Research studies have found that adding even modest costs to health care creates substantial barriers to accessing care and reduces coverage, particularly for the lowest income. As a result, while use of services may decline, these restrictions are unlikely to be cost-effective or healthy in the long-term. Maintaining continuous coverage is important for managing chronic illness and age-related health concerns. With more people unable to pay for care, health costs will rise for individuals and hospitals.
Care coordination involves a team of health care professionals working together to ensure the patient’s health needs are being met. Coordination of services can improve health outcomes and minimize unnecessary health expenditures. Past Medicaid demonstration waivers have focused on care coordination, finding this type of approach leads to cost savings and improved disease management.
3. Better target eligible populations and cross-enroll people from different services instead of limiting or restricting eligibility.
Limitations on eligibility and access through time caps or procedural restrictions will reduce the number of individuals enrolled in health insurance. Kentucky estimates that about 95,000 fewer people will be enrolled if their waivers go into effect, in part due to the lock-out for failure to report timely changes. The resulting loss of health coverage could make it harder for them to secure and retain jobs.

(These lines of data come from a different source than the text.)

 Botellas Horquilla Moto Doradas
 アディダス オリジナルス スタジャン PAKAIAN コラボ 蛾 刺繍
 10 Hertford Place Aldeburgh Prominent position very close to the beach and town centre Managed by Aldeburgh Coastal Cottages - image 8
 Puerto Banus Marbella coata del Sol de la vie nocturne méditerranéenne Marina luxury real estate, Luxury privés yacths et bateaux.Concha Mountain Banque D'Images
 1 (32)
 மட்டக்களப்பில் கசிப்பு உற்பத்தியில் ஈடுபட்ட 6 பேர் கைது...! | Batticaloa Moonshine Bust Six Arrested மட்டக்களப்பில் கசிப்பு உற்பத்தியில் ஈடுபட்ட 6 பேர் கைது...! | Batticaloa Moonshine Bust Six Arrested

As discussed earlier, removing individuals from health insurance will likely exacerbate health problems, increase long-term costs, and hurt those who are most vulnerable.
To increase efficiency and decrease costs, rather than removing individuals from Medicaid, consider better targeting those who could enroll in Medicaid and other programs. Studies find that simplifying enrollment across many work supports, including Medicaid, CHIP, SNAP, and child-care, is possible and eases the ability of people to enroll and maintain coverage. Enrollment in multiple programs, such as SNAP and Medicaid, has been shown to help lower health care costs related to hospital admittance and stays in the hospital.
Demonstration waivers are intended to try out new approaches to health care. Whether the goals are to increase enrollment for vulnerable families, increase efficiency or decrease costs, simply reducing the number of people covered by Medicaid is not the solution. It is simply another way of reviving tired, old ideas that did not work before the Affordable Care Act and Medicaid expansion and won’t work again now.